_Problem description_. Your task is to copy exactly the lines from the line containing "TACPACK TACTICAL - APPLICATION" through the end of the listing below, with pictures left out.

##### Collected material

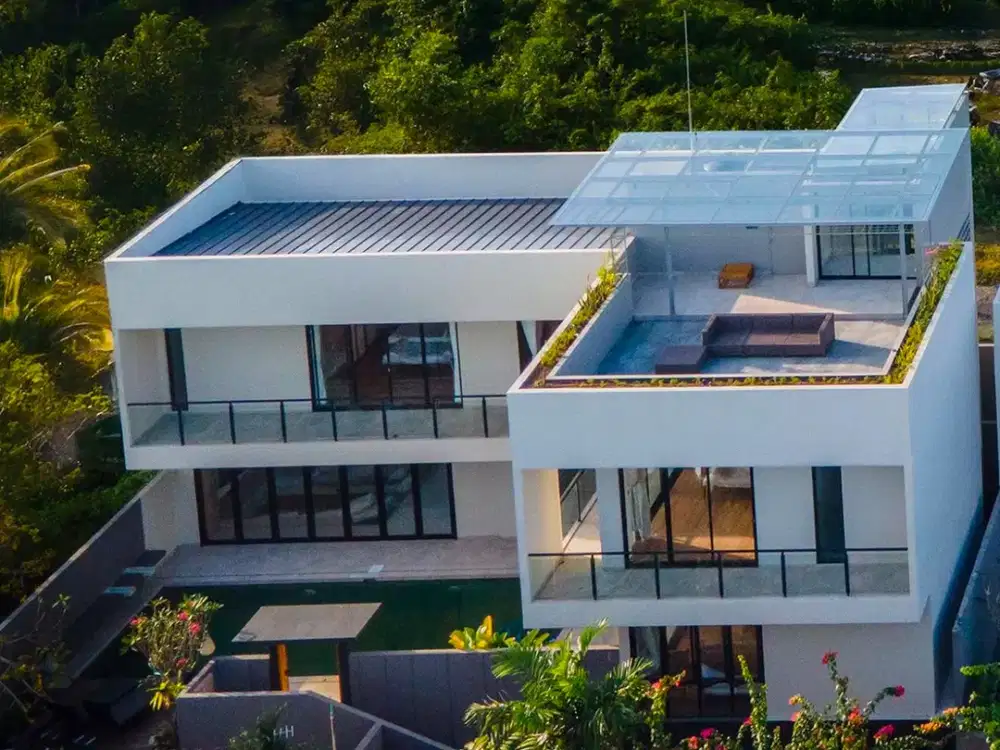 TROPICAL LUXURY MODERN VILLA WITH OCEAN VIEW DI UNGASAN DEKAT GWK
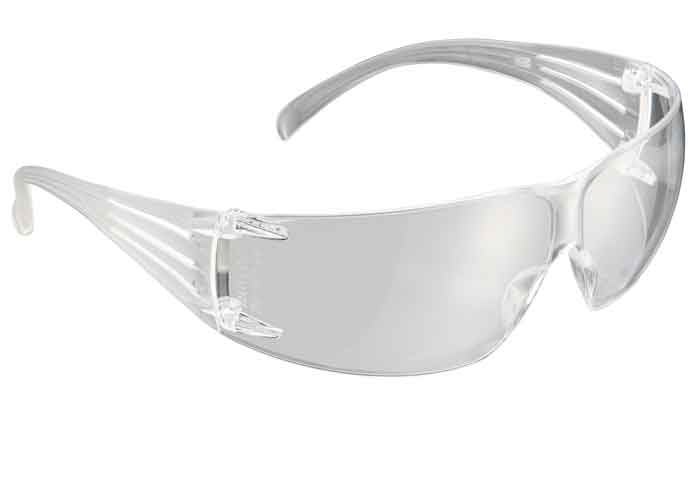 3M SF201AF-EU Securefit Safety Spectacles AS + AF - Clear Pack of 20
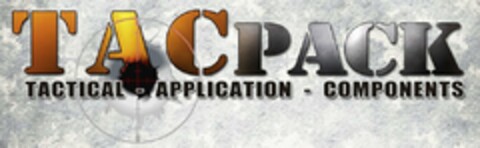 TACPACK TACTICAL - APPLICATION - COMPONENTS Logo (USPTO, 03.08.2009)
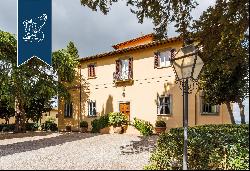 Refined estate for sale in Tuscany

##########

_Task answer_.
 TACPACK TACTICAL - APPLICATION - COMPONENTS Logo (USPTO, 03.08.2009)
 Refined estate for sale in Tuscany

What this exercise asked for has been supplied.